金曜日は相続税をわかりやすく。

民法(相続法)が改正され、「相続の効力等」が見直しされています

 

遺言によって相続財産を取得した場合には

法定相続分を超える部分については、登記等の対抗要件を備えなければ、第三者に対抗することができなくなります

 

これだけでは何のことかイメージがわかないですよね。

たとえば、

 

被相続人(父親)には、長男と次男の相続人がいました

■死亡した父親の遺産は、自宅の建物と土地のみ(評価額:1000万円)ですが、父親には銀行からの借入金が1,000万円あったとします。

■借入金(いわゆる借金)は相続されますので、法定相続分により、1,000万円×1/2=500万円ずつ長男と次男が相続し、返済する必要があります。

■通常であれば1,000万円の自宅を売却して、借金を返済します。

■しかし、父親は遺言により1,000万円の自宅を長男に遺贈しました。

 

そうなると、現行制度では、長男と次男から各々500万円を回収しようと自宅の差し押さえをしようとした銀行は、長男から回収はできますが、相続していない次男からは回収できません。したがって貸付金の半分(次男分)500万円は回収できません。

遺言の有無および内容を知り得ない銀行にとって不利な状況が生まれていました。

 

 

こうした事例では見直しにより

 

銀行が先に自宅を差し押さえるよう登記すれば、「長男に自宅を相続させる」という父親の遺言は優先されないようになります。

銀行は長男・次男から各々500万円を差押さえることができ、1,000万円を回収することができるようになります。

 

つまり相続させる旨の遺言についても

 

法定相続分を超える部分については,登記等の対抗要件を具備しなければ、債務者・第三者に対抗することができなくなります。

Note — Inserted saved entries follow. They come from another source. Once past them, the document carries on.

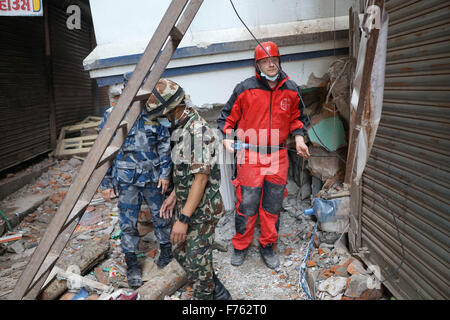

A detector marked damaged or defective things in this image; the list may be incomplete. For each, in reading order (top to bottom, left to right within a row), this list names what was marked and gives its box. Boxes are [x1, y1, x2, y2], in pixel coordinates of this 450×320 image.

rusty metal door [356, 0, 448, 300]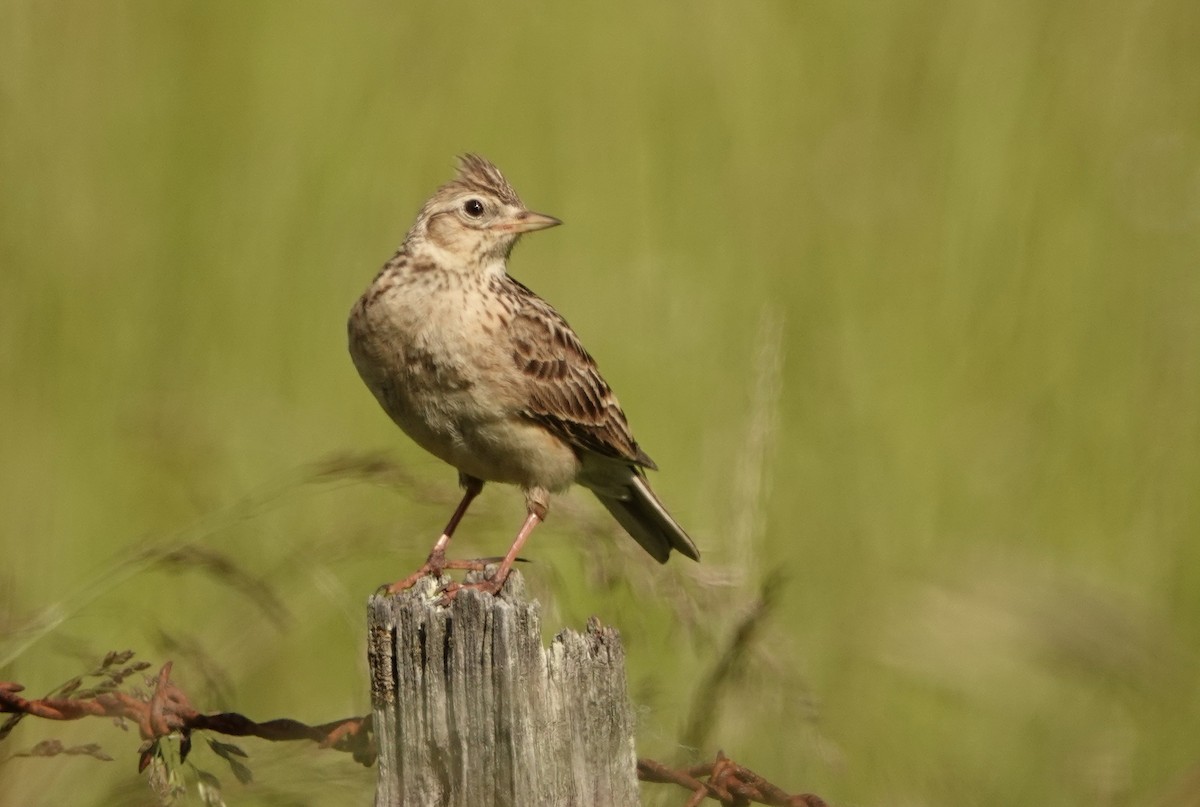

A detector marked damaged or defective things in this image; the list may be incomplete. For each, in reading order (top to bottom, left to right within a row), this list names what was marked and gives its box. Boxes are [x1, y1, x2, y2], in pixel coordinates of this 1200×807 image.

rusty barbed wire [636, 752, 824, 807]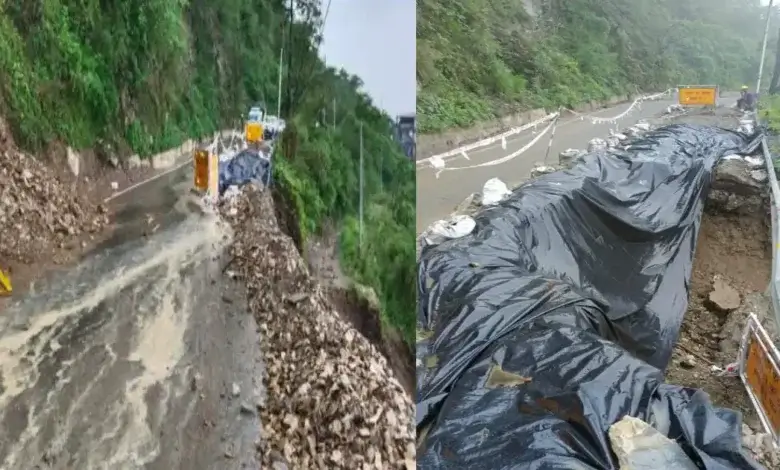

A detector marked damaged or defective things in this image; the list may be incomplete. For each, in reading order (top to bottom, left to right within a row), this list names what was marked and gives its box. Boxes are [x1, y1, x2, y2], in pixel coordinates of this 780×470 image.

cracked road surface [0, 163, 264, 468]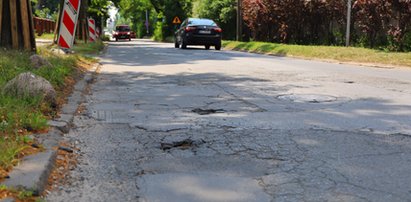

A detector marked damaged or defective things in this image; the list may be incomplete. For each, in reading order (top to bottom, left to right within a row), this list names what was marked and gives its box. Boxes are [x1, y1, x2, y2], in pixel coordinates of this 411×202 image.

cracked road surface [46, 39, 411, 200]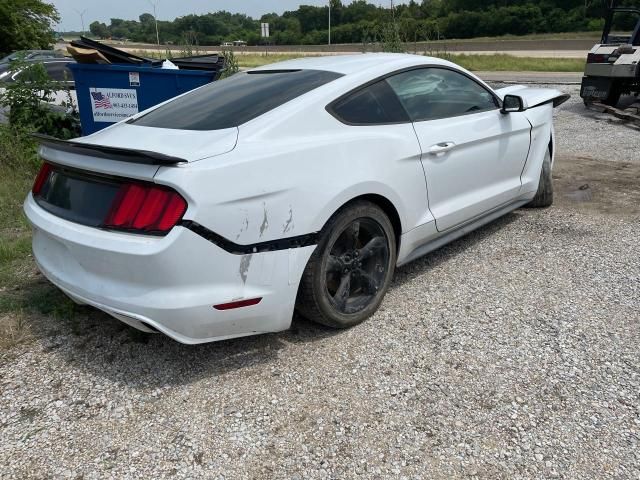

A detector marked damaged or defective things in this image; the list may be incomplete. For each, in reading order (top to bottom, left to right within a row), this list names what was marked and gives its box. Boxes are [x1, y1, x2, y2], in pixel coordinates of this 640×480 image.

damaged vehicle [22, 54, 568, 344]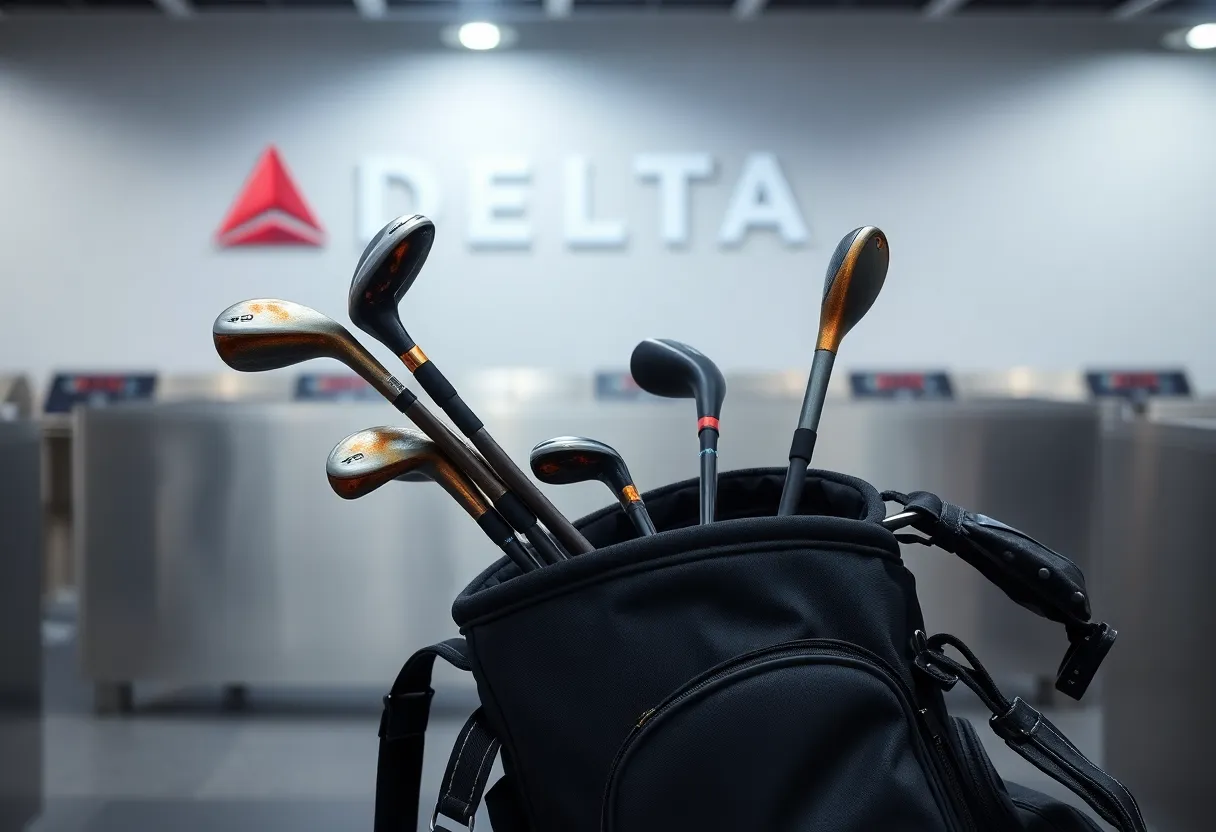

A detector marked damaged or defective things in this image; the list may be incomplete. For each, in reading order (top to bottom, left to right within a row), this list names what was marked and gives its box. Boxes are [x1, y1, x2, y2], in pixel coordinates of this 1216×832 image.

rusty club head [207, 299, 398, 403]
rusty club head [347, 212, 437, 355]
rusty club head [812, 226, 890, 352]
rusty club head [333, 425, 488, 515]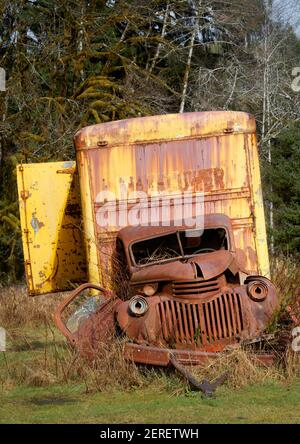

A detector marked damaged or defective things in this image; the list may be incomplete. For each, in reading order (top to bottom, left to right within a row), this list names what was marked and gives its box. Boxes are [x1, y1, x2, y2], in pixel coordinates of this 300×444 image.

rusty abandoned truck [16, 112, 278, 368]
rusted grille [172, 278, 219, 298]
rusted grille [157, 294, 244, 346]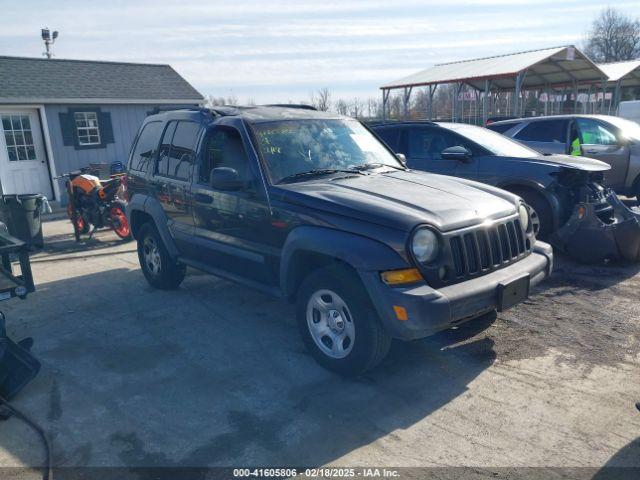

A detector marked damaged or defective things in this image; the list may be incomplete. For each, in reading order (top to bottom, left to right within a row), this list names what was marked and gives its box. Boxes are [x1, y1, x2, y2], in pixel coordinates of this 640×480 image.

crumpled front fender [548, 192, 640, 264]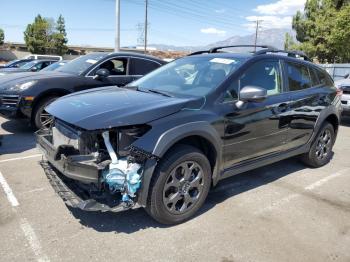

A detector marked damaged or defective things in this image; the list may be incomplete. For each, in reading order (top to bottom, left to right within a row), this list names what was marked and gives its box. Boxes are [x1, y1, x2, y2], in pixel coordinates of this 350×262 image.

crumpled front hood [0, 70, 74, 89]
crumpled front hood [45, 87, 194, 130]
broken front end [36, 119, 156, 212]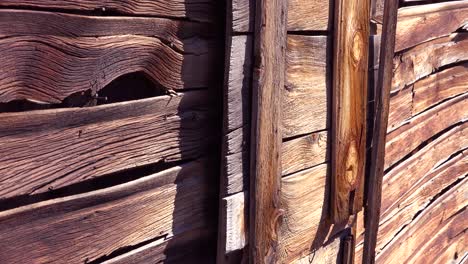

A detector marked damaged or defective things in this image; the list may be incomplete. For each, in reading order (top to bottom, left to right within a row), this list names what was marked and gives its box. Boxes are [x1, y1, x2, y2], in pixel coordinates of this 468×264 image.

warped plank [0, 91, 210, 200]
warped plank [0, 8, 211, 52]
warped plank [0, 34, 214, 104]
warped plank [0, 0, 216, 21]
warped plank [0, 161, 216, 264]
warped plank [250, 0, 288, 260]
warped plank [231, 0, 332, 32]
warped plank [280, 164, 328, 262]
warped plank [284, 35, 328, 138]
warped plank [282, 131, 330, 176]
warped plank [330, 0, 370, 223]
warped plank [378, 151, 466, 254]
warped plank [376, 177, 468, 262]
warped plank [382, 121, 466, 223]
warped plank [386, 92, 466, 168]
warped plank [392, 32, 468, 93]
warped plank [394, 0, 468, 51]
warped plank [414, 64, 468, 114]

この見直しは、遺言の有無および内容を知り得ない相続債権者・債務者等の利益や第三者の取引の安全を確保して、登記制度への信頼に応えようとするものです。

 

(図の出所:「法務省資料」より)

注意したい点は

 

相続登記を行わないうちに、相続人のうちの1人の債権者が不動産を差し押さえたら、遺言により不動産を承継した相続人は権利を主張できないことになります。

相続が発生したら早期に名義変更の登記を行う必要があります。